“王辰轩这两年与我一起,关系没有断,也不过是觉得睡了宁之麒的双儿,让他觉得自己压了宁之麒一头罢了。”

“王辰轩可与你说过些什么?”南念问道。

郑临禾回忆道:“王辰轩曾有一次无意低喃过,王家与赵行检有一门生意,王文清嫁给赵行检,不过是王家与赵行检一笔交易罢了,他们所生的儿子,王文清并不喜欢,相反却很喜欢生的那个双儿,好似是因为那位双儿很有王文清少时风采,冷静聪慧。”

“所以这次王文清和赵行检和离,王家只将那双儿接了回去,压根不去管被抓进去的赵承睿。”

“不过是利益结合。”南念冷笑道。

“是也,只是王辰轩不过只将我当做玩物,说的也没有太多价值。”郑临禾道。

“王辰轩知道是宁之麒将你送过去的吗?”南念问道。

郑临禾摇头:“他只以为当初宴会上我酒醉走错屋子罢了,宁之麒为人谨慎,早已将一切都安排妥当了。”

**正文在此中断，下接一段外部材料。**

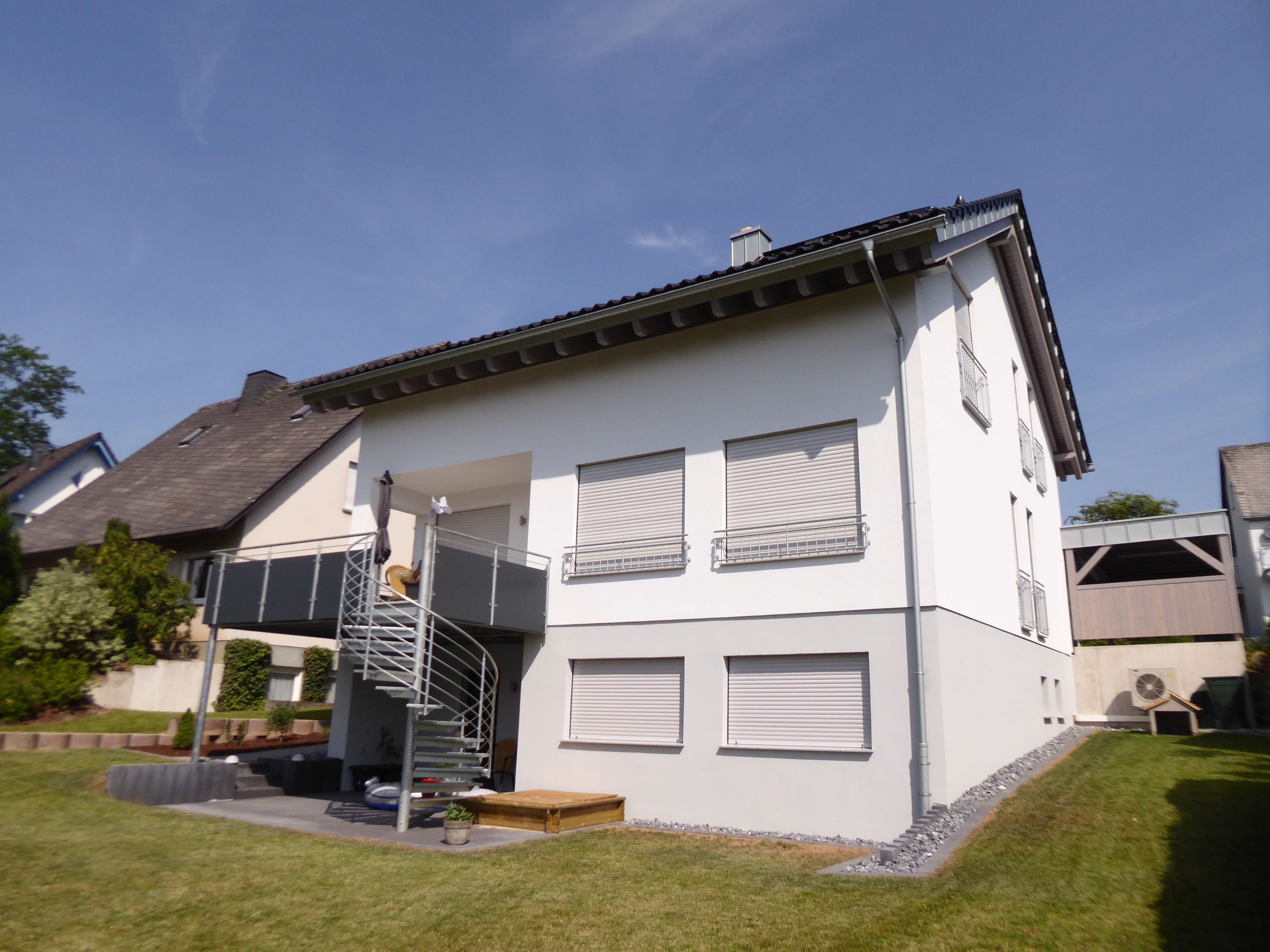 Rückansicht von Haus Vollmer mit überdachtem Südbalkon, Wendeltreppe zum Garten und Terrasse im Untergeschoss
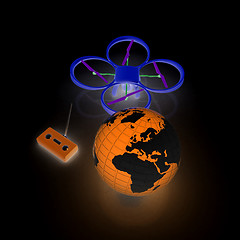 Image showing Quadrocopter Drone with Earth Globe and remote controller on a w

“那宁之麒将你送过你,到底求得是什么?”南念有些好奇。

郑临禾凝眉深思片刻,不太确定开口道:“我感觉我只是他扔出去模糊王家视线的工具,我也不是很确定,宁之麒让我摸不透,这人很是冷血,对待自己庶弟只当做工具,即便是一母同胞的,只要你没有价值,他也不会放在眼里。”

南念看着郑临禾问道:“你在宁家这段时间,可发现宁家与赵行检有何关系?”

“表面上毫无关系,只是商户对待大人普通关系,可是……”郑临禾想了想,咬了咬唇,似乎这件事与他来说很是羞愧,好一会儿才重新开口道:“一年前,我留宿在宁敬先也就是宁家家主屋子,或许是因为宁家觉得已经我控制住了,没有特地避讳我,曾朦胧中听到宁敬先与他心腹说起过赵行检的孩子生病之事,可赵行检的孩子分明就只有王家那两个。”

“也是因为这事,我察觉到宁家与赵行检有些某种关系。”

“你是说,赵行检在外还有私生子?”南念问道。

郑临禾想了想,点头道:“估计与宁家还有些关联。”

南念想了想,问道:“其他你还知道些什么吗?”

“我们做个交易如何?”郑临禾轻笑道。

“交易?”南念挑眉。

“你是不是左大人的手下,其实与我来说无所谓,只要你们能将宁家覆灭就好,可我实在太恨宁之麒了,只要最后你们将宁之麒交给我,让我出口气,我便将我所知道,所打探到的宁家所有事情告诉你,如何?”郑临禾坐在椅子上,笑容和煦。

“到最后,宁之麒是要收押的,若他交给你,到时候上头查下来,左大人很难交代的。”南念没有回答郑临禾说他不是左大人手下的问题,只是提出后面一个要求的为难。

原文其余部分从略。